Tanzender Schnee – so riecht Magie für Ella Löwenstein. Aber damit nicht genug: Sie kann außerdem magische Wesen sehen! Denn sie ist eine Feenflüsterin. Und die Geschöpfe der Anderwelt brauchen ihre Hilfe …

Wenn sich eine giftgrüne Fluchwolke über dem eigenen Garten entlädt, kann das nächste Abenteuer nicht weit sein. Da ist sich Ella sicher. Und tatsächlich verschwindet kurz darauf der Miniaturriese Herr Lilienthal spurlos aus seinem Apfelbaum. Alles deutet darauf hin, dass er entführt worden ist.

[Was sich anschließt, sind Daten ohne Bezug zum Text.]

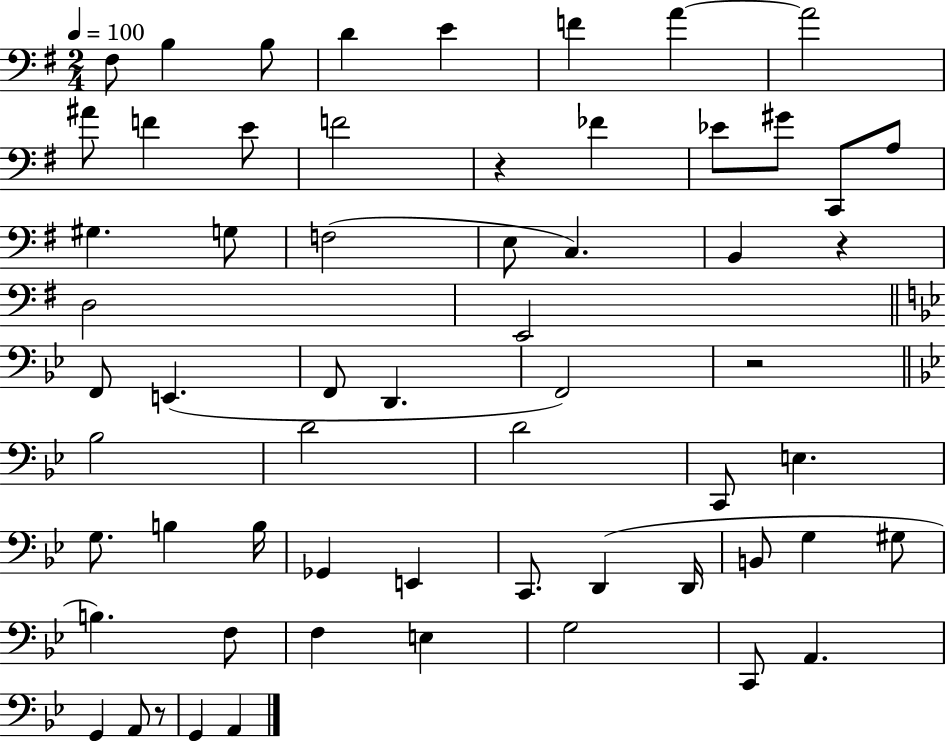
{
  \clef bass
  \numericTimeSignature
  \time 2/4
  \key g \major
  \tempo 4 = 100
  fis8 b4 b8 | d'4 e'4 | f'4 a'4~~ | a'2 | \break ais'8 f'4 e'8 | f'2 | r4 fes'4 | ees'8 gis'8 c,8 a8 | \break gis4. g8 | f2( | e8 c4.) | b,4 r4 | \break d2 | e,2 | \bar "||" \break \key bes \major f,8 e,4.( | f,8 d,4. | f,2) | r2 | \break \bar "||" \break \key g \minor bes2 | d'2 | d'2 | c,8 e4. | \break g8. b4 b16 | ges,4 e,4 | c,8. d,4( d,16 | b,8 g4 gis8 | \break b4.) f8 | f4 e4 | g2 | c,8 a,4. | \break g,4 a,8 r8 | g,4 a,4 | \bar "|."
}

Ehrensache, dass Ella und Kobold Kasimir sofort die Befreiungsaktion planen! Doch das Vorhaben ist riskant und ihr Gegner mächtig – ganz zu schweigen von der gefährlichen Schönheit, die in einem gefrorenen Meer aus Magie auf sie lauert ...

Alle Bände der Ella Löwenstein -Reihe:
Ella Löwenstein – Eine Welt voller Wunder (Band 1)
Ella Löwenstein – Ein Meer aus Magie (Band 2)
Ella Löwenstein – Ein Wald der Wünsche (Band 3)
Ella Löwenstein – Ein Fluss der Fantasie (Band 4)
Ella Löwenstein – Ein Feenreich aus Farben (Band 5)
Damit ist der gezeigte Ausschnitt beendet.